The original drum & bass b-boy is back! Paradox returns with his latest 12" on Samurai Red Seal, a straight up ode to break culture referencing crate digging and respecting the groove...

In many ways, you are one of the truest drum & bass artists, in that your style and ideology follows the original blueprint of hardcore and jungle. Tough breaks with clear lines bridging the gaps with funk and hip hop culture. In 2013, much of what is broadly under the umbrella of drum & bass doesn't really reference thr roots of the music in the same way, be it due to either technology or just different routes to a common middle ground. Being known for your outwardly staunch attitude to what is right for the genre, where do you find yourself as a musician and the state of b-boyism at 170 BPM in 2013?

I find myself still doing what I love musically and feeling like a kid at xmas when a new 12" is in my hands. I'm lucky because I've been in the Jungle scene from day one so with that experience behind my belt I learnt to stick to my guns and do whatever I feel. I'm kinda militant due to the stripes I guess.

"I’m not detached from my peers but I don't see myself as part of a current collective and that's not a bad thing."

B-boyism in today’s drum & bass is a difficult one and that’s down to the speed. Most b-boy breaks looped above 170 BPM are difficult to control from a funky percussion perspective so producers kinda throw b-boyism out of the window most of the time. Personally I can't stand hearing breaks played out so fast that sound like a continuous drum roll. I etched on my last Dirty City 12" a message on the vinyl not to play the track at +plus pitches because it simply destroys the funk. Modern drum & bass is exactly what it is, but there’s lots of good music out there that address the problem in other ways.

The last 5 years has seen several of what could be described as "core" artists move away from break heavy drum & bass. People like Breakage and Kryptic Minds have moved away from the genre altogether while people like Fracture have refined their style falling closer to the mainstream of the genre. Music always seems most exciting when there is a sense of a collective movement, how far do you see what you do as part of a current collective cause?

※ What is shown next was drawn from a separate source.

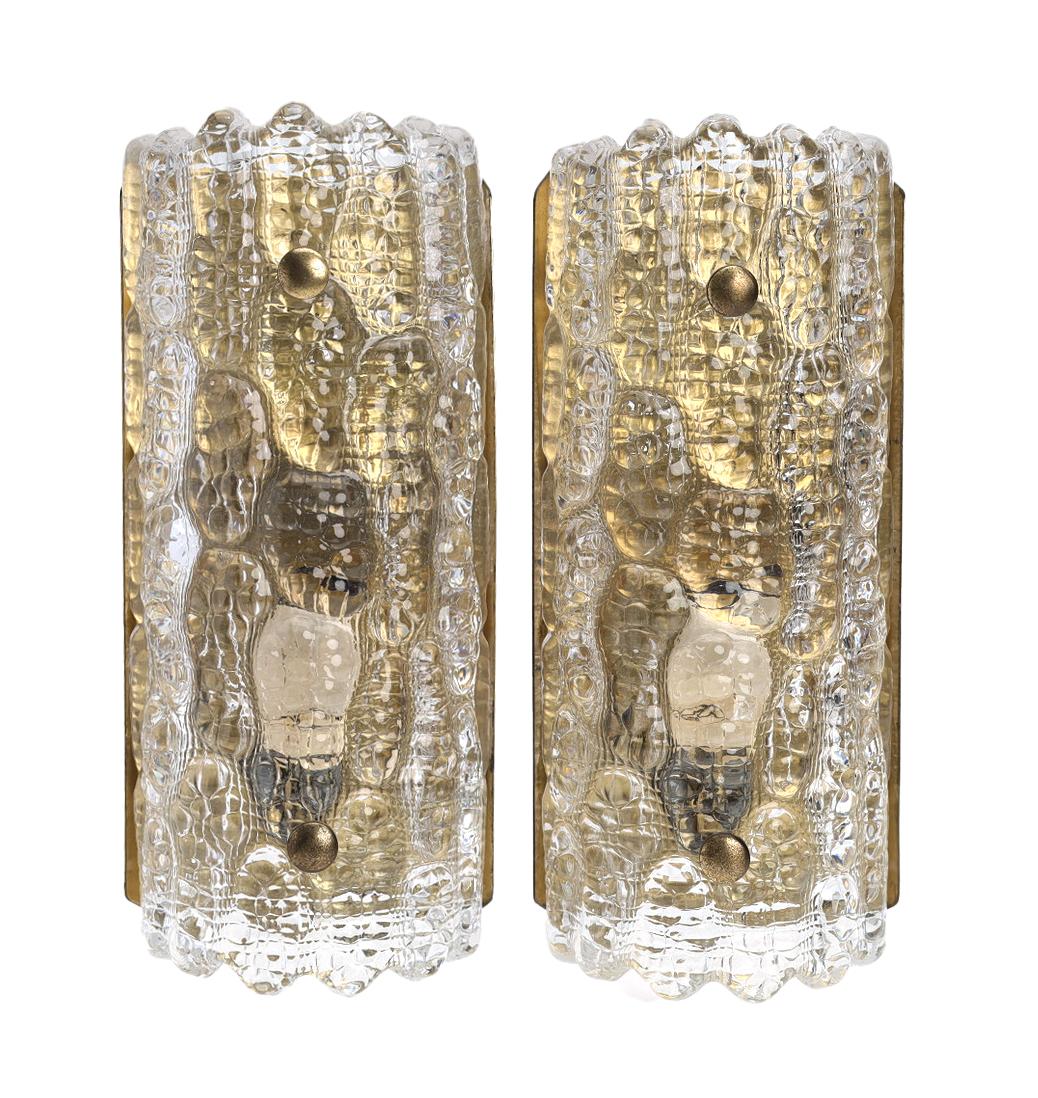 Moulage Paire d'appliques en verre moulé Orrefors par Carl Faugerlund en vente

I’m not detached from my peers but I don't see myself as part of a current collective and that's not a bad thing. I'm just a programmer tuning and re-tuning my craft which is a personal obsession and a crate digging thing that goes over most people’s heads in drum & bass to be honest. One magazine review stated I was a programmer plying my trade in a wrong genre, and to an extent that’s true. I’ve released over 40 tracks on vinyl around 140 bpm also but I really love writing music at a fast pace and recreating 1970's drum patterns for foot-shufflers.

"Scorpius"/ "Crate Logic" is your 147th release, which is ridiculous in itself... How many more breaks are there to be manipulated? Are there still illusive breaks out there to be found?

It's a gold mine and that’s exactly what digging is. There are breaks in abundance out there and plenty that producers still shun because of the tempo thing I mentioned earlier. My mentality is different because of my persistence and experience in keeping to the original core of drum & bass with funk breaks that ultimately kickback and swing.

In many ways "Crate Logic" is a kind of formulated "drum track" not dissimilar to those that you've previously released. The obvious difference being that whereas the drum tracks were grooves and ideas, "Crate Logic" is a fully realized track in its own right. Is it fair to say that in writing such a puristic track you have been met with the acclaim from much of the music press of writing one of your best tracks to date? Is there much you can tell us about the breaks employed? We hear there are a few top secret undercover numbers in there?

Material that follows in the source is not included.